HTML5 draft refers to RFC 3987 which also allows percent-encoded unicode characters in host part and a large subset of unicode in both host and other parts without encoding them. User may enter address in any of these forms. To provide human readable form of it I need to decode all printable characters. Note that some parts of address might not correspond to valid UTF-8 sequences, usually when target site uses some other character encoding.
An example of what I'd like to get:
<a href="http://xn--80aswg.xn--p1ai/%D0%BF%D1%83%D1%82%D1%8C?%D0%B7%D0%B0%D0%BF%D1%80%D0%BE%D1%81">
http://сайт.рф/путь?запрос</a>
Are there any tools to solve these tasks? I'm especially interested in libraries for Python and JavaScript.

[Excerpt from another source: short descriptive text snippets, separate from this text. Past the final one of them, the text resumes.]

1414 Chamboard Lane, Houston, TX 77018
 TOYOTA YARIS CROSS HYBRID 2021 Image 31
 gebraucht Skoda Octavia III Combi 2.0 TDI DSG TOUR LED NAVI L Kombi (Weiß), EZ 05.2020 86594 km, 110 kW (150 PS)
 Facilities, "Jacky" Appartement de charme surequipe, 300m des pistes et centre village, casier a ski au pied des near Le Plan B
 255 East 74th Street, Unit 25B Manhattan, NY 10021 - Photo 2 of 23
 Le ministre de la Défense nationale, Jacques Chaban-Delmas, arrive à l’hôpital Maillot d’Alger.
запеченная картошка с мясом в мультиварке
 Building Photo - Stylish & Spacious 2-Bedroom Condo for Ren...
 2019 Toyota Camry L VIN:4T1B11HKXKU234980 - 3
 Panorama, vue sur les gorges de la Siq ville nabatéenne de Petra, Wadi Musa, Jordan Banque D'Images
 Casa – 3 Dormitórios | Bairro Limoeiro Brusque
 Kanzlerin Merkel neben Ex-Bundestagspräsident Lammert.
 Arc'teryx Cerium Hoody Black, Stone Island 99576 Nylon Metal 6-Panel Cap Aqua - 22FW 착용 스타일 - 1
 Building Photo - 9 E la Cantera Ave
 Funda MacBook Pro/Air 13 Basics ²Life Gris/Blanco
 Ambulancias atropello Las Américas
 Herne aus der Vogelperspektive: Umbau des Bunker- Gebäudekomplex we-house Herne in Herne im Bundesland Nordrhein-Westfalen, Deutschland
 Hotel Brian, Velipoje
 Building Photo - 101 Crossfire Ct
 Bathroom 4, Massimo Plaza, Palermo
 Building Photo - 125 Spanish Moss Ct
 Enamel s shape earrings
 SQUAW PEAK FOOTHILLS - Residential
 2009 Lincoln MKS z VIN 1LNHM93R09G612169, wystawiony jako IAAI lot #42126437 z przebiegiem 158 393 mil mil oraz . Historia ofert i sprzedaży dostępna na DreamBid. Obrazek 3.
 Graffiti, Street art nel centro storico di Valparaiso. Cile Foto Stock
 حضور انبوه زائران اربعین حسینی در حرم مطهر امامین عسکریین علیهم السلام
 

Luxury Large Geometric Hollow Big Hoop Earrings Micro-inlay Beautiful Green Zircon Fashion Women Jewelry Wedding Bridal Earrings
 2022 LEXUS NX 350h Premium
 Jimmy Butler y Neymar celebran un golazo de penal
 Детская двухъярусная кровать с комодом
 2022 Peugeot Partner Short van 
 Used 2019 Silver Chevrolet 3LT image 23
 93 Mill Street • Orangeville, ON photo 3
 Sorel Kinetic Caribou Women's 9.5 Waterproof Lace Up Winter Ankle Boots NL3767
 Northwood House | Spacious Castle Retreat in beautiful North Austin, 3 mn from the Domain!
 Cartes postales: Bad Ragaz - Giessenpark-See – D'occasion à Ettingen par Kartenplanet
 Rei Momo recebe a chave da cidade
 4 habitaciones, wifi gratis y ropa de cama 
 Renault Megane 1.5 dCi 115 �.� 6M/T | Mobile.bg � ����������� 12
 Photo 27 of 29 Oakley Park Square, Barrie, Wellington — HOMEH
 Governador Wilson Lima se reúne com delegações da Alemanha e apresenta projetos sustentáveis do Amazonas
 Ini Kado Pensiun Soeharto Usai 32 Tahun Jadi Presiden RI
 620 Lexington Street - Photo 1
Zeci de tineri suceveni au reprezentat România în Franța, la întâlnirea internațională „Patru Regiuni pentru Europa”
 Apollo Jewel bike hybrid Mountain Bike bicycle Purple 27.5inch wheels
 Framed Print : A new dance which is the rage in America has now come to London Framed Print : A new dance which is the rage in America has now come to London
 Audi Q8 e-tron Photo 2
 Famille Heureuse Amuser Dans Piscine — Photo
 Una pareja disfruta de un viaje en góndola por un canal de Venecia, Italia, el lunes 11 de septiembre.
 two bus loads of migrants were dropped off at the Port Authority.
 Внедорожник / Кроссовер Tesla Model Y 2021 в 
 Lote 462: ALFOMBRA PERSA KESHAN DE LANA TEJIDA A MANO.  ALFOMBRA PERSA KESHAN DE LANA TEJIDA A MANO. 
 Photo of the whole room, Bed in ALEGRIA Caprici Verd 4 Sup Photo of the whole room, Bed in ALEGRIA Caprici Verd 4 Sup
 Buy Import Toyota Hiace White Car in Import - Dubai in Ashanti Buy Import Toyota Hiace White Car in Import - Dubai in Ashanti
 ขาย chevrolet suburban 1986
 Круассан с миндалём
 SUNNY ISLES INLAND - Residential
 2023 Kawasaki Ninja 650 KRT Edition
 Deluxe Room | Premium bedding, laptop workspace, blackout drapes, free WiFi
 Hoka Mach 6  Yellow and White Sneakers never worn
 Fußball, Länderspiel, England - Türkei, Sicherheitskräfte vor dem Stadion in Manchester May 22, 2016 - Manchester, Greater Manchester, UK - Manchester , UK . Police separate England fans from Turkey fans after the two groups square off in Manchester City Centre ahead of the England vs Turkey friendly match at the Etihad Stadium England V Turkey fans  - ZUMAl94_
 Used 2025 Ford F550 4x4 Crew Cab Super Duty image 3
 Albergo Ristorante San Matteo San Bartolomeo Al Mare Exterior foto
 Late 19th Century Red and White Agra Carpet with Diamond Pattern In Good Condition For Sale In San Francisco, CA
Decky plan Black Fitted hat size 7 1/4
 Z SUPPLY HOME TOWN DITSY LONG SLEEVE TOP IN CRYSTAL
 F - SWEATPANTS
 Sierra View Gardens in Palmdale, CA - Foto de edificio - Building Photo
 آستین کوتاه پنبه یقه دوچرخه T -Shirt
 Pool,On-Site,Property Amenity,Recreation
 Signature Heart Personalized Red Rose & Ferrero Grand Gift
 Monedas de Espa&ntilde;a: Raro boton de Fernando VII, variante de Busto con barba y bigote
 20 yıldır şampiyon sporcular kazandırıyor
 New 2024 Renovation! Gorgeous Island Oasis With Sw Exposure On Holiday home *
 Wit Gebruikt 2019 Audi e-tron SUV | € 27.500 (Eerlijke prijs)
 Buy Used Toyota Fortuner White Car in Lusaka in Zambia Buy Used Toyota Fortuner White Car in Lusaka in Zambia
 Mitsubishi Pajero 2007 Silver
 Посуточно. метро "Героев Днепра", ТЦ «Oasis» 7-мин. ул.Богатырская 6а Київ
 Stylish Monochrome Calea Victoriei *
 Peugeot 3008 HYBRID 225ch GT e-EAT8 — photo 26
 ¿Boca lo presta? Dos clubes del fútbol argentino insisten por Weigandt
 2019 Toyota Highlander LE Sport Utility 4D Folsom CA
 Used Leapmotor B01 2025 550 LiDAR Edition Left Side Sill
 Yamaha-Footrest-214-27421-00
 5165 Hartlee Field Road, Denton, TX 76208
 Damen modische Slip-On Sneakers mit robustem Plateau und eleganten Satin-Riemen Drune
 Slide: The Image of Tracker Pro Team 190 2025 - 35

Update: I know there is a way to do percent and Punycode (without proper normalization, but I can live with it) encoding/decoding in Python and JavaScript. The whole task needs much more work and there are some pitfalls (some characters should be always encoded or never encoded depending on context). I wonder if there are ready to use libraries for the whole problem, since it seems to be quite common and modern browsers already do such conversions (try typing http://%D1%81%D0%B0%D0%B9%D1%82.%D1%80%D1%84/
in Google Chrome and it will be replaced with http://сайт.рф/
, but use Host: xn--80aswg.xn--p1ai
in HTTP request).
Update2: Vinay Sajip pointed that Werkzeug has iri_to_uri and uri_to_iri functions that handles most cases correctly. I've found only 2 cases where it fails so far: percent-encoded host (quite easy to fix) and invalid utf-8 sequences (it's a bit tricky to do nicely, but shouldn't be a problem).
I'm still looking for library in JavaScript. It's not hard to write, but I'd prefer to avoid inventing the wheel.